Write out the entire listing below exactly, with the pictures left out.
::::
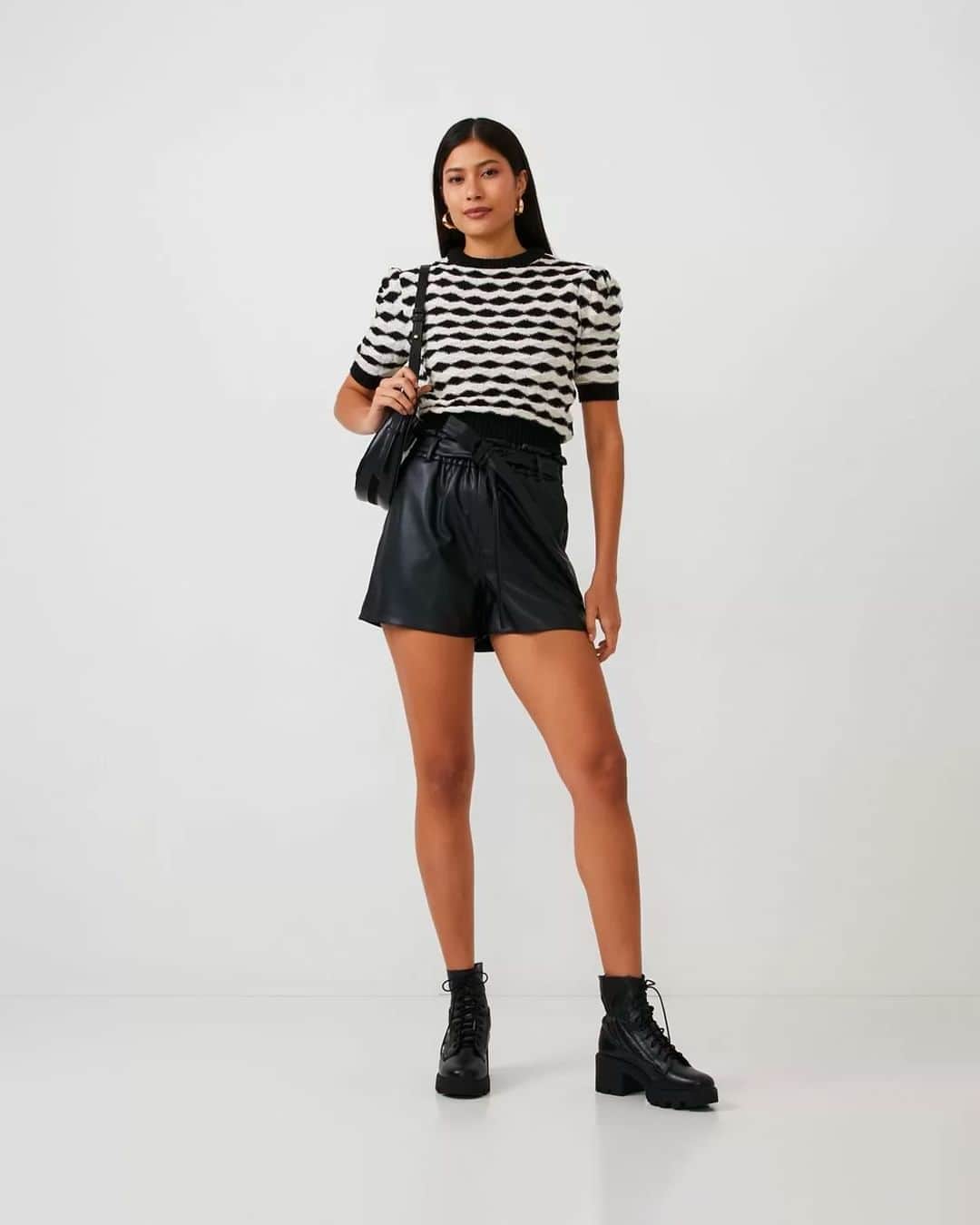 ロジャス・レナーのインスタグラム：「Aquela peça nada básica para complementar seu visual! Aposte nos shorts com tecido diferenciado para criar composições fashionistas. Passe para o lado e garanta seu look favorito agora mesmo. #modafeminina #looks   short em material sintético 714646276 | blusa em tricô 814845299 | short curto em material sintético 737458614 | blusa em crepe 742244653 | blusa regata cropped 598798431 | camisa manga curta 598277361 | bermuda com barra italiana 598294903 | sapato mule com salto bloco 819667778 | bota coturno em couro 787256210」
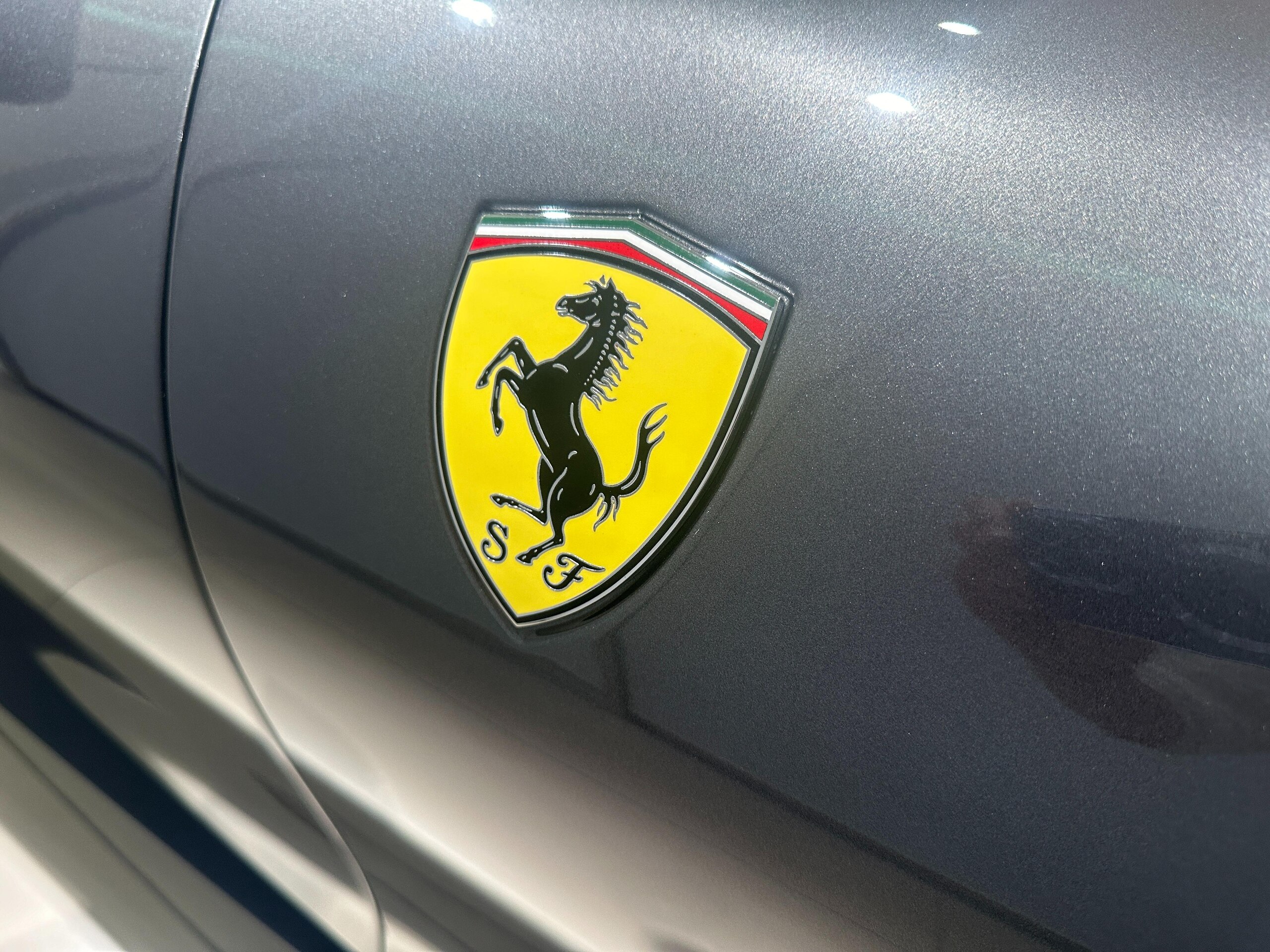 2023 Ferrari Roma - フェラーリ ローマ F1 DCT SPカラーGrigioSilverStone ADASフルPKG サラウンドビュー全方位カメラ ジアッロイエローブレーキ AppleCarPlay アクティブマトリクスLED ブラックスポーツエグゾースト フルラッピング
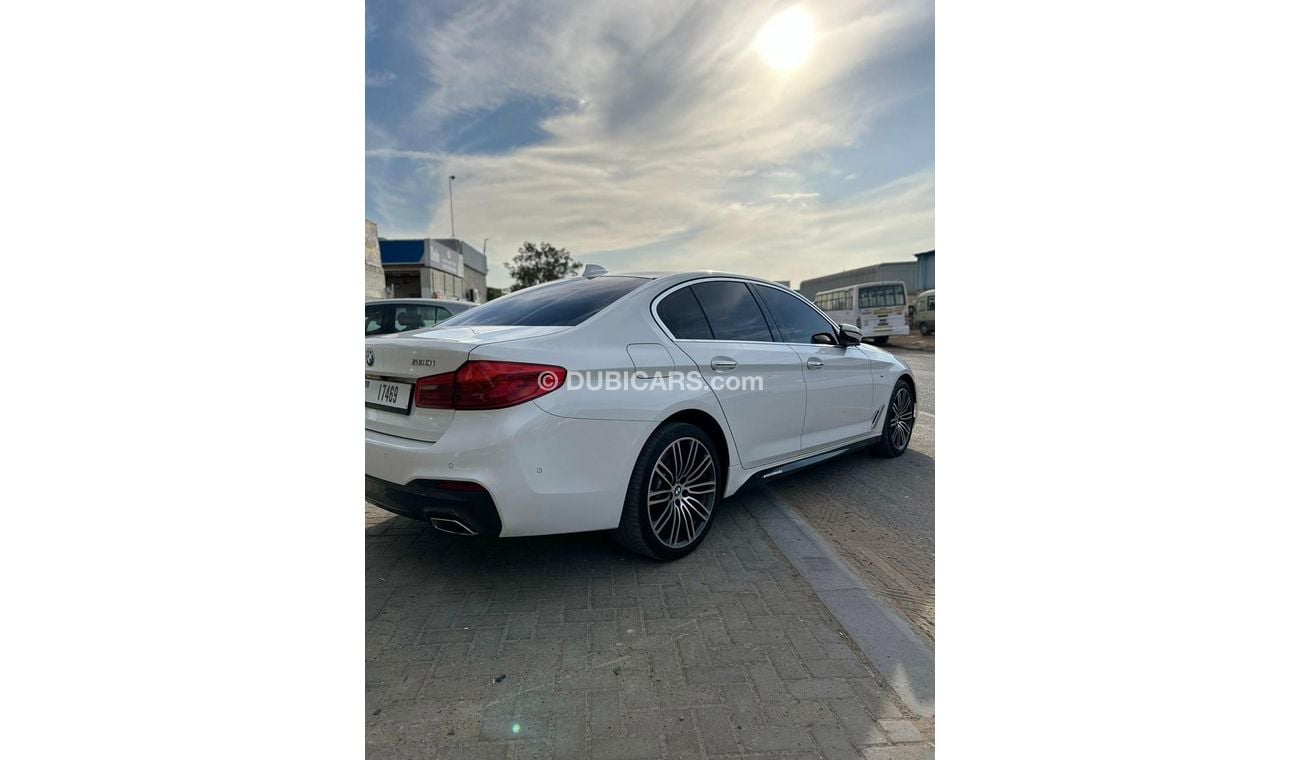 بي أم دبليو 530i Luxury M Sport Package 2.0L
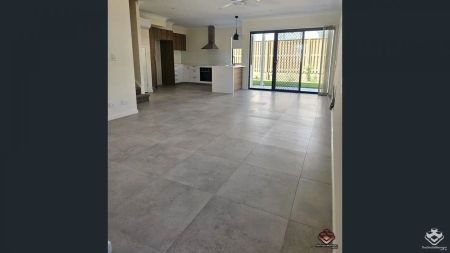 “4 Bedroom Townhouse” - Photo 3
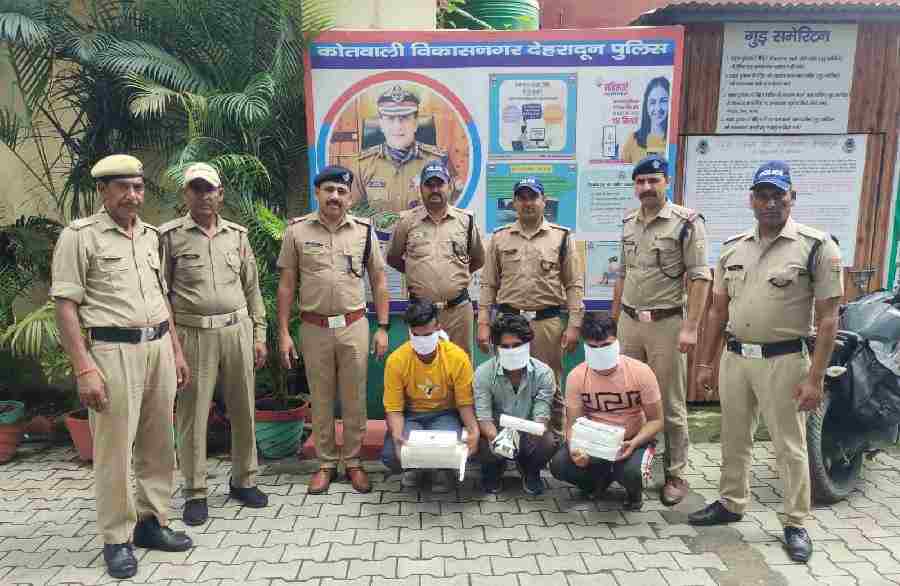 अंतर्राज्जीय नकबजन गिरोह आया दून पुलिस की गिरफ्त में, अलग-अलग थाना क्षेत्रों में हुई नकबजनी की दो घटनाओं का किया खुलासा, गिरोह के सरगना सहित 3 अभियुक्त गिरफ्तार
::::
- OUTPUT OF THE EXERCISE:
 ロジャス・レナーのインスタグラム：「Aquela peça nada básica para complementar seu visual! Aposte nos shorts com tecido diferenciado para criar composições fashionistas. Passe para o lado e garanta seu look favorito agora mesmo. #modafeminina #looks   short em material sintético 714646276 | blusa em tricô 814845299 | short curto em material sintético 737458614 | blusa em crepe 742244653 | blusa regata cropped 598798431 | camisa manga curta 598277361 | bermuda com barra italiana 598294903 | sapato mule com salto bloco 819667778 | bota coturno em couro 787256210」
 2023 Ferrari Roma - フェラーリ ローマ F1 DCT SPカラーGrigioSilverStone ADASフルPKG サラウンドビュー全方位カメラ ジアッロイエローブレーキ AppleCarPlay アクティブマトリクスLED ブラックスポーツエグゾースト フルラッピング
 بي أم دبليو 530i Luxury M Sport Package 2.0L
 “4 Bedroom Townhouse” - Photo 3
 अंतर्राज्जीय नकबजन गिरोह आया दून पुलिस की गिरफ्त में, अलग-अलग थाना क्षेत्रों में हुई नकबजनी की दो घटनाओं का किया खुलासा, गिरोह के सरगना सहित 3 अभियुक्त गिरफ्तार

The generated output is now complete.